The whales were the focus of media attention at the beginning of October, when more than 30 dead specimens were found on the coast of the Valdés Peninsula. The episode, caused by an unusually intense poisonous algal bloom -known as “red tide”- invites us to reflect: Why are these oceanic giants so vulnerable and important?
“Whales are guardians of the oceans and of life itself,” he says. Roxana Schteinbarg, co-founder and coordinator of Communication Programs at the Whale Conservation Institute (ICB).
And he continues: “With their enormous bodies, they have the capacity to capture CO2 (carbon dioxide) of anthropogenic origin, much more than a tree: 33 tons throughout their lives, which can exceed 100 years.

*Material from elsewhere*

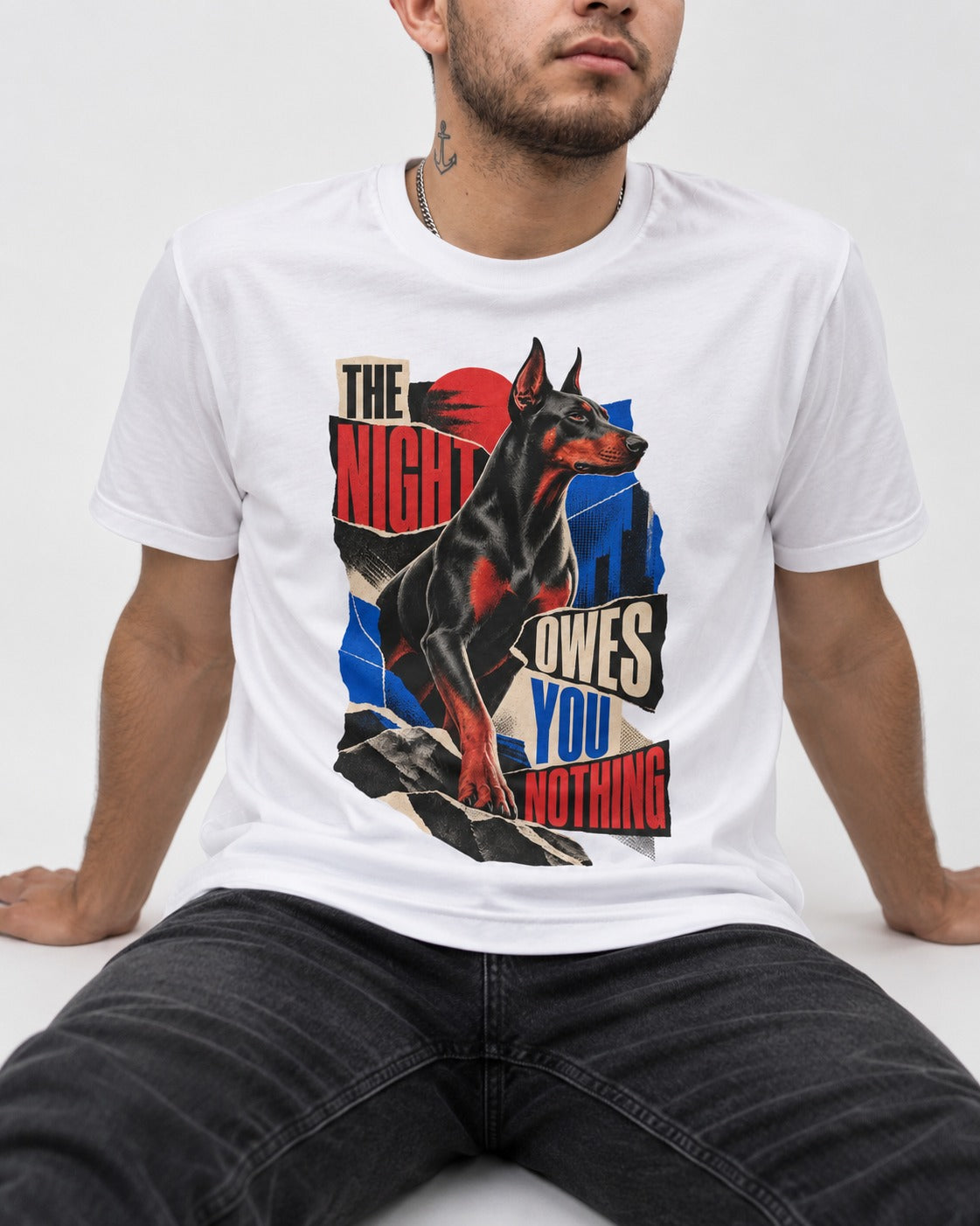 Night Owes You Nothing Doberman T-Shirt in White, worn by a seated model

When they die and their bodies reach the bottom of the sea, this gas is retained on the ocean floor, reducing the stock of CO2 in the atmosphere, and contributing as if they were forests, to the mitigation of climate change.

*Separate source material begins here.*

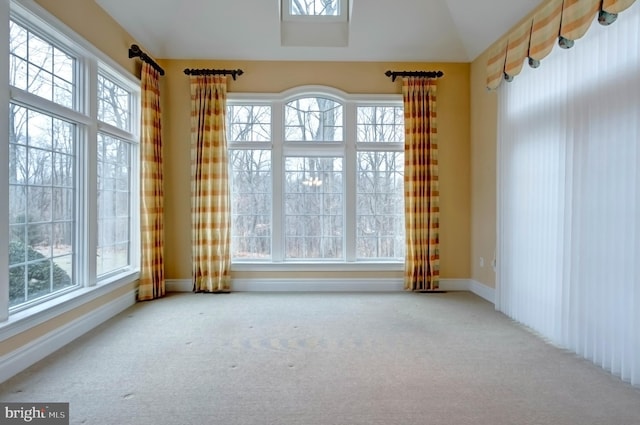 carpeted empty room with vaulted ceiling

But this is not its only ecosystem function. Whales are also great fertilizers of the oceans: by feeding on krill and defecating, they replenish nutrients that allow the growth of algae and other microorganisms that are in turn food for krill, in a perfect circular economy cycle.
On the other hand, these enormous and charismatic sea creatures also contribute, through sighting activities, to the development of tourism in many regions of the world, such as the Valdés peninsula in Argentine Patagonia.
guardians in danger
Paradoxically, and despite their enormous contributions to the ecosystem, whales are one of the species most threatened by environmental imbalances generated or aggravated by human activity: climate change, plastic garbage, and pollution of the oceans and seas.

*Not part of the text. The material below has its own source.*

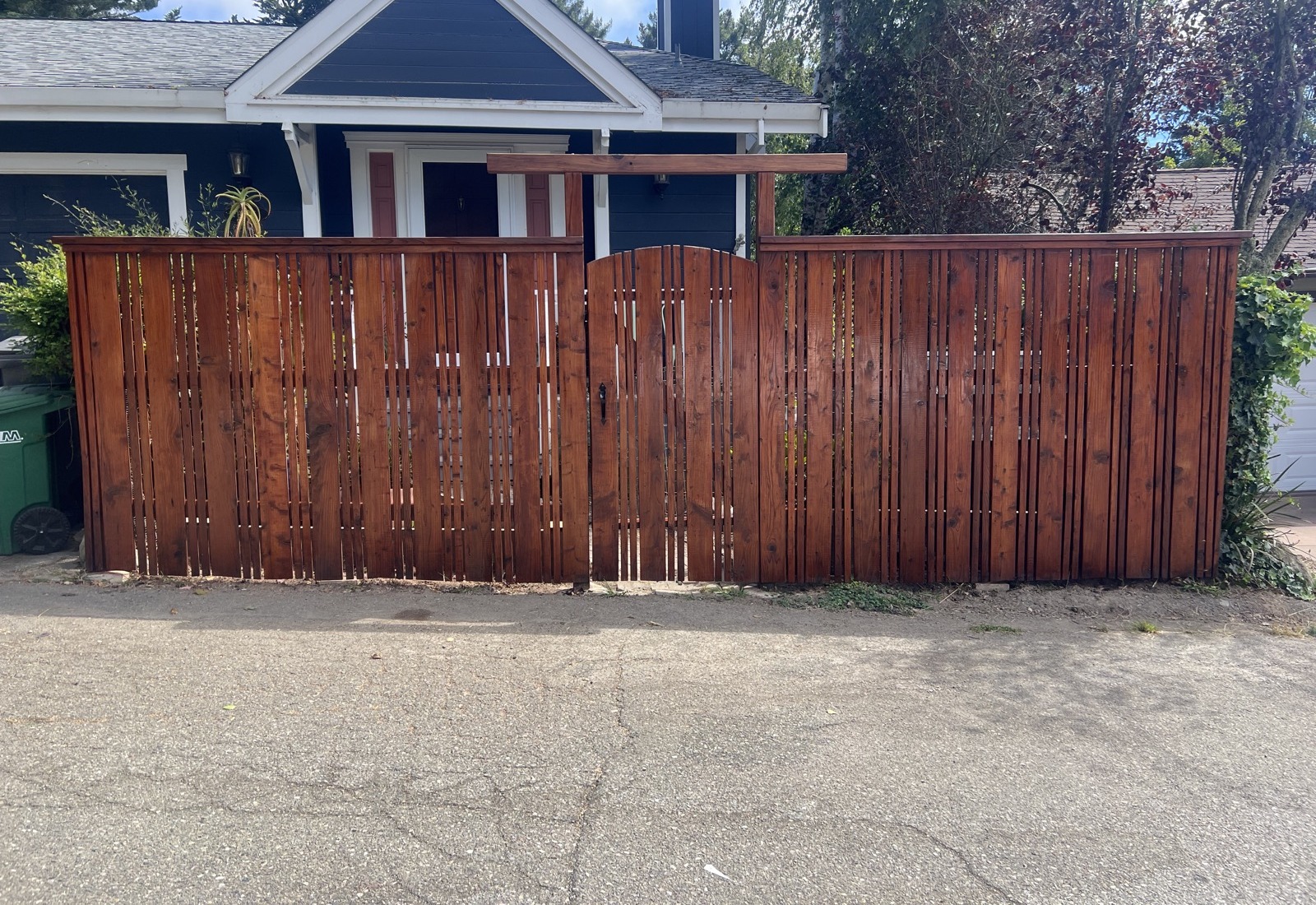 Same privacy fence refinished with a rich reddish stain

A study by researchers from the ICB and the Ocean Alliance showed the effects of climate change on the survival of female southern right whales. According to this work, which was published in the scientific journal Science Advances, female mortality increases after El Niño events, and this can delay or even prevent the birth of new specimens.
El Niño, a phenomenon characterized by fluctuating ocean temperatures, causes a warming of the sea surface, reducing the abundance of krill. This decreases the possibilities of feeding and especially affects females in the reproductive stage. The whales have a year of gestation followed by another year of lactation, which implies an overexertion for their organism that causes them to lose body mass, as shown by the study based on photo-identification and comparison of images of the whales over the years. over the years.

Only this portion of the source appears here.